=== PROBLEM TO WORK ON ===
The lines needed run from the one that contains "60th Birthday on" through the end of the material below, both included; write them out exactly, with no pictures.

=== GIVEN INFORMATION ===
◆ ◆ ◆ ◆ ◆
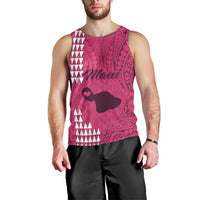 Men's pink sleeveless tank top with large island map graphic, tribal scroll accents and logo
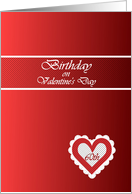 60th Birthday on Valentine’s Day, Lacy Heart on Red card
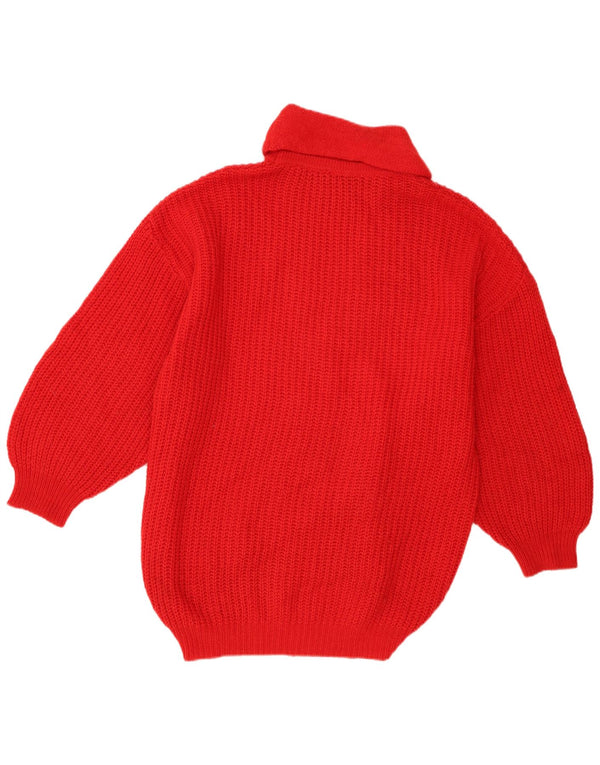 Maglione maglione da donna Stefanel con collo alto UK 18 XL lana rossa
◆ ◆ ◆ ◆ ◆
=== WORKED SOLUTION ===
 60th Birthday on Valentine’s Day, Lacy Heart on Red card
 Maglione maglione da donna Stefanel con collo alto UK 18 XL lana rossa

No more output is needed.